After a patent application passes examination at the United States Patent and Trademark Office (USPTO), its issue fee paid, and the patent issued, one may be forgiven to think that the fees paid to the USPTO end there. However, the USPTO requires payment of maintenance fees for utility patents at specific times according to their respective issue dates to maintain the patents in force. See 35 U.S.C. § 41(b)(1). Design and plant patents are the exceptions. See 35 U.S.C. § 41(b)(3). Failure to pay maintenance fees on-time, or during a grace period, will lead to the expiration of the utility patent. This expiration can lead to other issues. First, an expired patent is unenforceable, so the patent owner cannot enforce an expired patent against infringers. Second, failure to pay the required maintenance fee may give rise to intervening rights for others to make or use the patented invention even after a patent has been reinstated following its expiration for non-payment. See 35 U.S.C. § 41(c)(2). Needless to say, it imperative that the owner of the patent is aware of any impending due dates for these fees and to pay them promptly when they are due.
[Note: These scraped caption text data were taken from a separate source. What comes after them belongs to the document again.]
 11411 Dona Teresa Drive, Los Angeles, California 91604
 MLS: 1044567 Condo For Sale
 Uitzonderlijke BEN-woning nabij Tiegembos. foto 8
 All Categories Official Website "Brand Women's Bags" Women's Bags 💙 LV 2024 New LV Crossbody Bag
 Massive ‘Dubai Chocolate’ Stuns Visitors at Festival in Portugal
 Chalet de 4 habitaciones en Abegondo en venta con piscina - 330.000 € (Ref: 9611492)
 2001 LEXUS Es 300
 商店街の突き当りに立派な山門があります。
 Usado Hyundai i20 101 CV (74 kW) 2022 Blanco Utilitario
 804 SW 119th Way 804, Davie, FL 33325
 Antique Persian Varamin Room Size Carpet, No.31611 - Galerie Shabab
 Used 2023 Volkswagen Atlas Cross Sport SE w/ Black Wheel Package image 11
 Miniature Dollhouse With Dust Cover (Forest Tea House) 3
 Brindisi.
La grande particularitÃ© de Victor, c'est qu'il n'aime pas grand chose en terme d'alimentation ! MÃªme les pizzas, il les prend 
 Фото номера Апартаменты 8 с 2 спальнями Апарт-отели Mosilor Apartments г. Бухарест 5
Due dates for maintenance fees occur at the following times after the patent’s issuance date: 3.5 years, 7.5 years, and 11.5 years. Maintenance fees increase with each successive period and vary depending on the size of a company. For example, at the 3.5 year mark, small entities (companies having 500 employees or less) currently pay $1,000 and larger entities (classified as undiscounted) pay $2,000. These fees do change with time, so it important to check the current USPTO fee schedule to ensure that the proper fee amount is paid. If the maintenance fee is not paid by its due date, then there is a grace period of six months following the due date to pay the fee. If the maintenance fee is paid during this grace period, then this payment must be accompanied by a late payment surcharge. See 37 C.F.R. § 1.20(h).
Failure to pay the maintenance fee when it is due, and within the six month grace period, will result in the patent expiring. An expired patent is unenforceable. To reinstate an expired patent, a petition to the Director of the USPTO must be filed with the required maintenance fee, a petition fee, and a statement that the delayed payment of the maintenance fee was unintentional. See 37 C.F.R. §§ 1.378(b)(1)-(b)(3). If the Director accepts the payment of the maintenance fee upon petition, then the patent is considered as not having expired. However, the reinstated patent may be subject to intervening rights.
Intervening rights in reinstated patents is an affirmative defense based in equity that involves the activities of others when the patent was expired. Specifically, when a patent is expired, individuals may rely on the assumption that the patent is no longer enforceable, and thus, make or sell the invention that is covered by the expired patent’s claims. Furthermore, if individuals rely on the patent’s expired status and make substantial preparations to use it, a court may permit the individuals to continue to make or sell the invention to recoup their initial investment made while the patent was expired. In other words, allowing a patent to expire (even unintentionally) can lead to serious negative results. That is why it is important to keep track of the maintenance fee due dates to avoid such a scenario. As they say, “An ounce of prevention is worth a pound of cure.”
Disclaimer: This post is for general information only, and thus does not serve or represent any legal advice. No attorney-client relationship is formed.